Lors de l’attaque russe en juillet dernier, le centre-ville d’Odessa a été durement touché malgré son inscription récente au patrimoine mondial par l’Unesco.
Odessa. Relativement épargnée par les attaques russes en 2023, la ville d’Odessa a reçu une pluie de missiles entre le 20 et le 23 juillet. D’après le site d’information indépendant Meduza, dix-neuf missiles ont frappé le centre-ville, tirés par des batteries d’artillerie en Crimée et par des avions positionnés en mer Noire.

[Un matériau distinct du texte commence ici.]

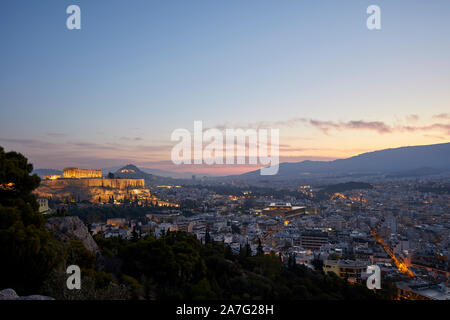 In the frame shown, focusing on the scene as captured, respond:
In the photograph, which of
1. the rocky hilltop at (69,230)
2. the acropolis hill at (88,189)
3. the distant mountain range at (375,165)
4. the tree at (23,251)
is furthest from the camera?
the distant mountain range at (375,165)

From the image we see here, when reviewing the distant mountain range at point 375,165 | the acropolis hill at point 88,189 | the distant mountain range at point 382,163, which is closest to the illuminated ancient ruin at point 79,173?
the acropolis hill at point 88,189

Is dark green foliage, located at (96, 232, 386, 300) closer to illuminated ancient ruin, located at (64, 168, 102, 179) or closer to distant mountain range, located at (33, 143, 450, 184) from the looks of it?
illuminated ancient ruin, located at (64, 168, 102, 179)

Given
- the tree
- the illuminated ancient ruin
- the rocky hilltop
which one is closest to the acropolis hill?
the illuminated ancient ruin

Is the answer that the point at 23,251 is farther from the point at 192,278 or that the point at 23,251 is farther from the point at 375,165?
the point at 375,165

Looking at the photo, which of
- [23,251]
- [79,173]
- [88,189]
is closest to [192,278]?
[23,251]

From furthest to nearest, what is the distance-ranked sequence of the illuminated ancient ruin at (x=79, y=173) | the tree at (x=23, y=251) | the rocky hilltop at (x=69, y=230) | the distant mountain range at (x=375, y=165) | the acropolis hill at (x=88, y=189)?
the distant mountain range at (x=375, y=165), the illuminated ancient ruin at (x=79, y=173), the acropolis hill at (x=88, y=189), the rocky hilltop at (x=69, y=230), the tree at (x=23, y=251)

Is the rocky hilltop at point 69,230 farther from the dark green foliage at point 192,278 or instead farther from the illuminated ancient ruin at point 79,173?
the illuminated ancient ruin at point 79,173

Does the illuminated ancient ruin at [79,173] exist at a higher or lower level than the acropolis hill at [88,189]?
higher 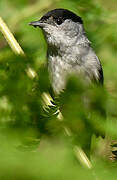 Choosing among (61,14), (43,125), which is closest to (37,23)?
(61,14)

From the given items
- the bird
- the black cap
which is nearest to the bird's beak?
the bird

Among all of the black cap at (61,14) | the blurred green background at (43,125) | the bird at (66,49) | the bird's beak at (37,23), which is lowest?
the bird at (66,49)

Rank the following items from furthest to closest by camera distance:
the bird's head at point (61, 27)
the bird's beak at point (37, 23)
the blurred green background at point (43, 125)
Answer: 1. the bird's head at point (61, 27)
2. the bird's beak at point (37, 23)
3. the blurred green background at point (43, 125)

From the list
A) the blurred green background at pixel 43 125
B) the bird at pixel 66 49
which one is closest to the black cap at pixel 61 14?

Si neuf missiles ont été détruits par la défense anti-aérienne, les autres ont touché des bâtiments classés dont la cathédrale de la Transfiguration [voir ill.], inscrite sur la liste du patrimoine mondial. L’Unesco avait en effet accepté l’inscription de plusieurs sites du centre-ville d’Odessa en janvier 2023 à la suite d’une demande en urgence de l’Ukraine.
Les autorités locales font état de dommages sur la Maison des scientifiques, un bâtiment néoclassique de 1923 et sur plusieurs musées, dont le Musée archéologique et le Musée local de la littérature. Mais le bâtiment le plus endommagé reste la cathédrale de la Transfiguration. Selon Meduza, un seul missile est tombé sur la cathédrale provoquant d’importants dégâts et entraînant un incendie. D’après plusieurs témoins, l’intérieur du bâtiment est en ruine : « Tous les décors (pierres et stuc) sont pratiquement détruits », déplore le recteur de la cathédrale. Le maire d’Odessa a par ailleurs déclaré, au vu des dégâts et des risques d’effondrement, qu’« il faudrait probablement abattre certains murs endommagés ». Des colonnes de l’autel semblent également très fragilisées. Le gouverneur de la province d’Odessa a aussi souligné, sur les réseaux sociaux, le rôle des pompiers qui ont sauvé des flammes l’iconostase en marbre et ses icônes. L’icône Kasperovskaya « de la mère de Dieu » a ainsi pu être mise à l’abri, une icône considérée comme « la sainte patronne de la ville », selon les autorités religieuses.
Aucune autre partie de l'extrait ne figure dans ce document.